Dragosloveanu Serban, Vulpe Diana Elena, Andrei Constantin Adrian, Nedelea Dana-Georgiana, Garofil Nicolae Dragos, Anghel Cătălin, Dragosloveanu Christiana Diana Maria, Cergan Romica, Scheau Cristian
The "Carol Davila" University of Medicine and Pharmacy, Bucharest, Romania.
"Foisor" Clinical Hospital of Orthopaedics, Traumatology and Osteoarticular TB, Bucharest, Romania.
J Orthop Translat. 2025 Jul 17;54:51-64. doi: 10.1016/j.jot.2025.06.016. eCollection 2025 Sep.
Periprosthetic joint infection (PJI) is a serious complication that can occur after joint arthroplasty, such as hip or knee replacement surgeries. It involves the invasion of the periprosthetic space by pathogens, leading to severe inflammation and often requiring complex medical intervention. PJI is associated with significant morbidity, increased healthcare costs, and a reduced quality of life for patients. This study aims to evaluate the performance of multiple supervised machine learning models in predicting PJI using clinical and demographic data collected from patients who underwent joint arthroplasty.
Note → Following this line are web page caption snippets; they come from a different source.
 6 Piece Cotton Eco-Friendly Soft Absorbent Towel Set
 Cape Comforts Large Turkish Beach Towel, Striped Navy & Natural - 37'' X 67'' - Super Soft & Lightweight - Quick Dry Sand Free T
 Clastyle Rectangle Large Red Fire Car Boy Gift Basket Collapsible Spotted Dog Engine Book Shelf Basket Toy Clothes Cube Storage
Eight supervised machine learning models-Logistic Regression, Random Forest, XGBoost, Artificial Neural Network (ANN), k-Nearest Neighbors (KNN), AdaBoost, Gaussian Naive Bayes (GNB), and Stochastic Gradient Descent (SGD)-were trained and tested on a dataset of 27,854 patients. Models were evaluated using accuracy, precision, recall, specificity, F1 score, and area under the ROC curve (AUC).
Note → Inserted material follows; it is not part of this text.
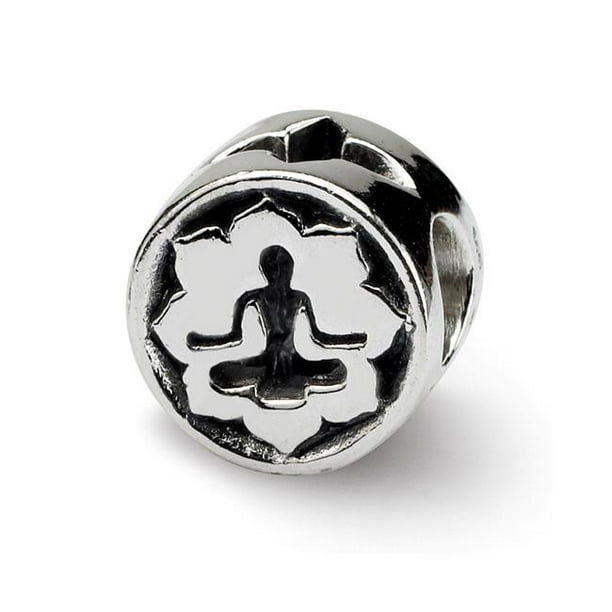 Perles de Réflexion QRS332 Perle de Lotus de Yoga en Argent Sterling - Antiqued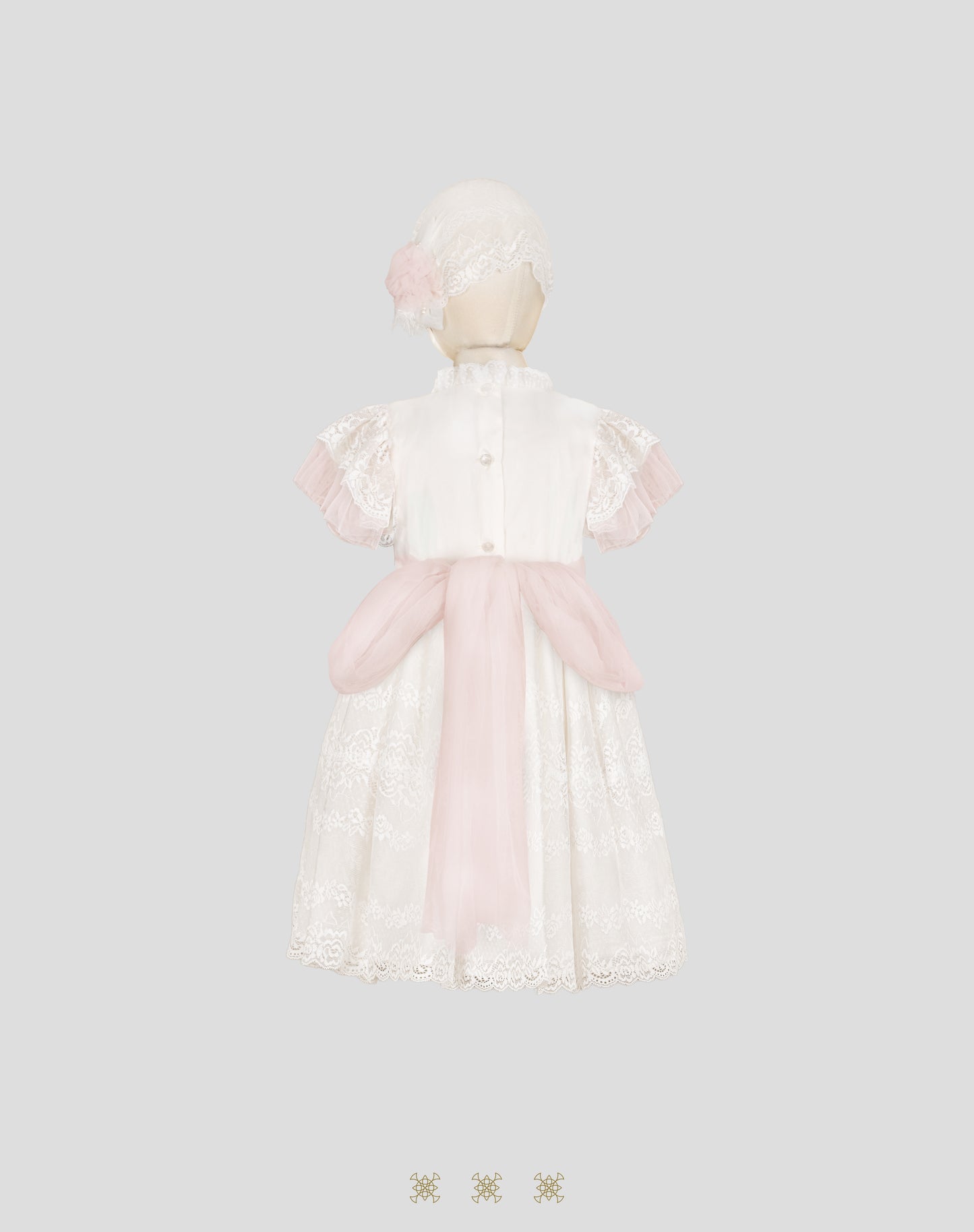 Vestido Infantil Hueso / Palo de rosa 02-695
Random Forest and XGBoost showed the best overall performance, with high accuracy and balanced metrics across all evaluation criteria. KNN also performed strongly, particularly in minimizing misclassifications. GNB and SGD yielded weaker results, with higher error rates.
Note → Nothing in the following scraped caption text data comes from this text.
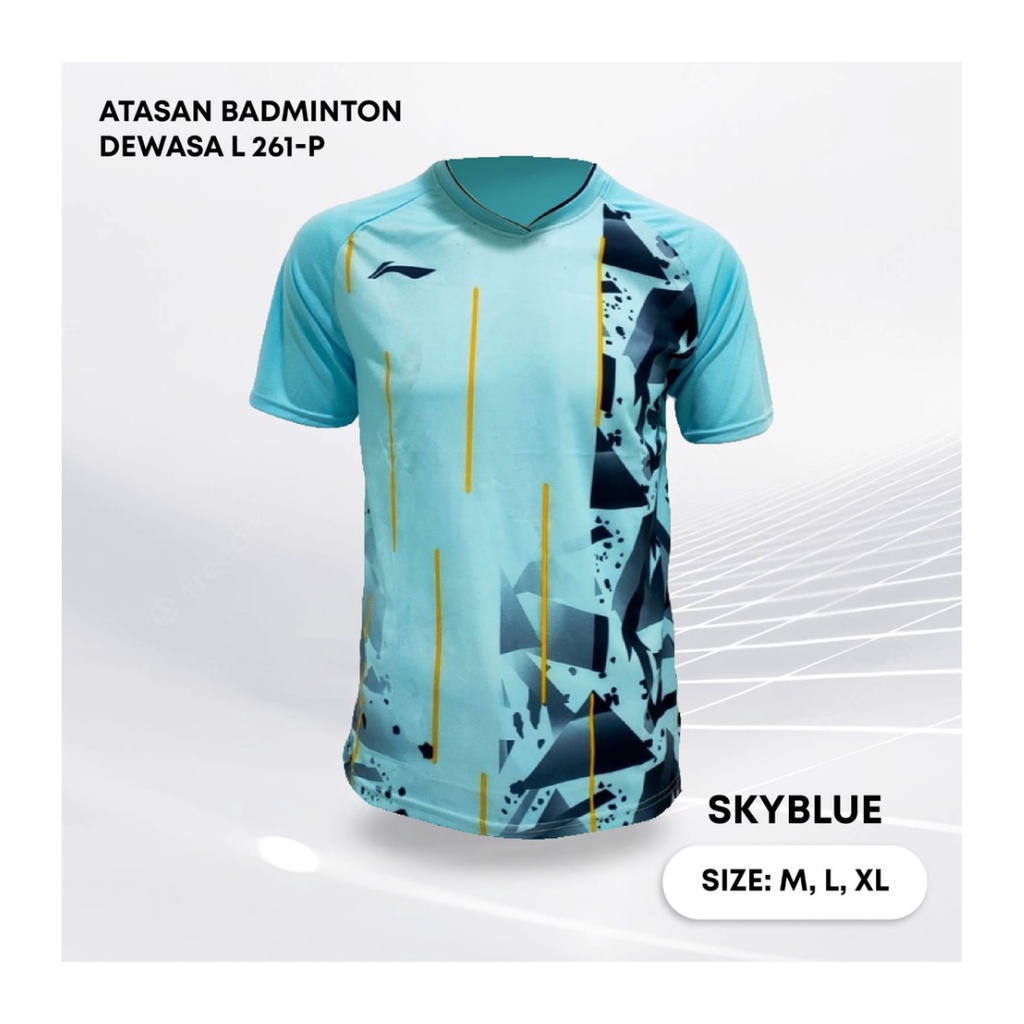 Kaos bulutangkis pria L261 baju badminton atasan olahraga jersy wanita dewasa t-shirt outfit seragam kostum jersey casual suit pakaian jarsey oblong apparel sport jersi sudirman thomas uber cup bulu tangkis skyblue polos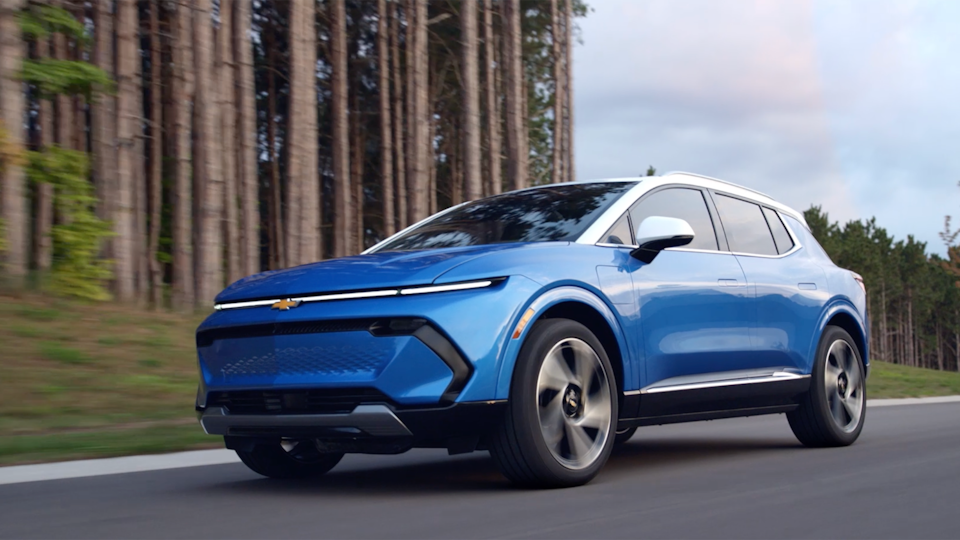 The 2024 Chevrolet Equinox EV while in motion.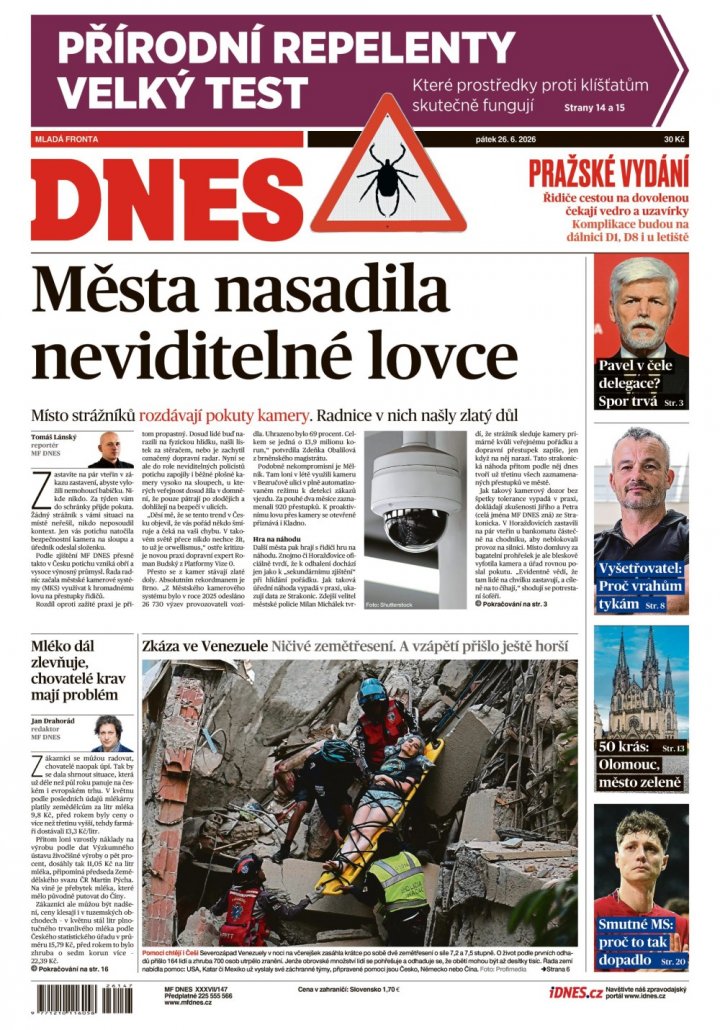titulní strana časopisu MF DNES a jeho předplatné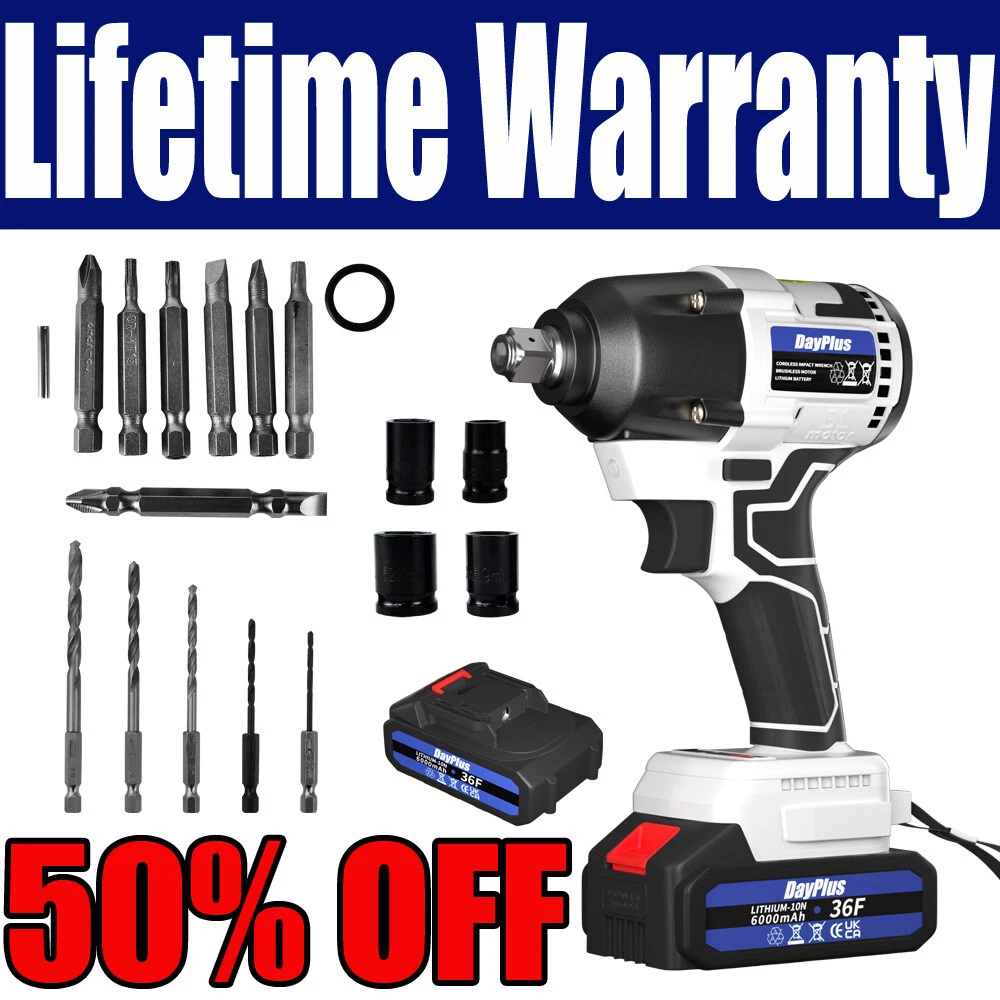 Impact Wrench Electric Cordless Driver Car Repair Wheel Nut Gun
Random Forest, XGBoost, and KNN are the most promising models for clinical implementation in PJI prediction. Their robust performance may support earlier diagnosis and improved patient outcomes in orthopedic care.
This study demonstrates that machine learning models-particularly Random Forest and XGBoost-can accurately predict periprosthetic joint infection (PJI) using structured electronic health record data. By integrating these models into preoperative assessment workflows, clinicians may be able to identify high-risk patients earlier, personalize prophylactic strategies, and reduce infection-related morbidity. The implementation of these predictive tools has the potential to enhance clinical decision-making, improve surgical outcomes, and optimize the use of healthcare resources in orthopedic practice.
人工关节周围感染(PJI)是关节置换术后可能发生的一种严重并发症,如髋关节或膝关节置换手术。它涉及病原体侵入人工关节周围间隙,导致严重炎症,通常需要复杂的医疗干预。PJI与显著的发病率、增加的医疗费用以及患者生活质量下降相关。本研究旨在使用从接受关节置换术的患者收集的临床和人口统计学数据,评估多个监督机器学习模型在预测PJI方面的性能。
在一个包含27854例患者的数据集上对八个监督机器学习模型——逻辑回归、随机森林、XGBoost、人工神经网络(ANN)、k近邻(KNN)、AdaBoost、高斯朴素贝叶斯(GNB)和随机梯度下降(SGD)进行训练和测试。使用准确率、精确率、召回率、特异性、F1分数和ROC曲线下面积(AUC)对模型进行评估。
随机森林和XGBoost表现出最佳的整体性能,在所有评估标准中具有高准确率和平衡的指标。KNN也表现出色,特别是在最小化错误分类方面。GNB和SGD的结果较弱,错误率较高。
随机森林、XGBoost和KNN是PJI预测临床应用中最有前景的模型。它们的稳健性能可能支持骨科护理中更早的诊断和改善患者预后。
本研究表明,机器学习模型——特别是随机森林和XGBoost——可以使用结构化电子健康记录数据准确预测人工关节周围感染(PJI)。通过将这些模型整合到术前评估工作流程中,临床医生可能能够更早地识别高危患者,个性化预防策略,并降低感染相关的发病率。这些预测工具的实施有可能加强临床决策,改善手术结果,并优化骨科实践中医疗资源的使用。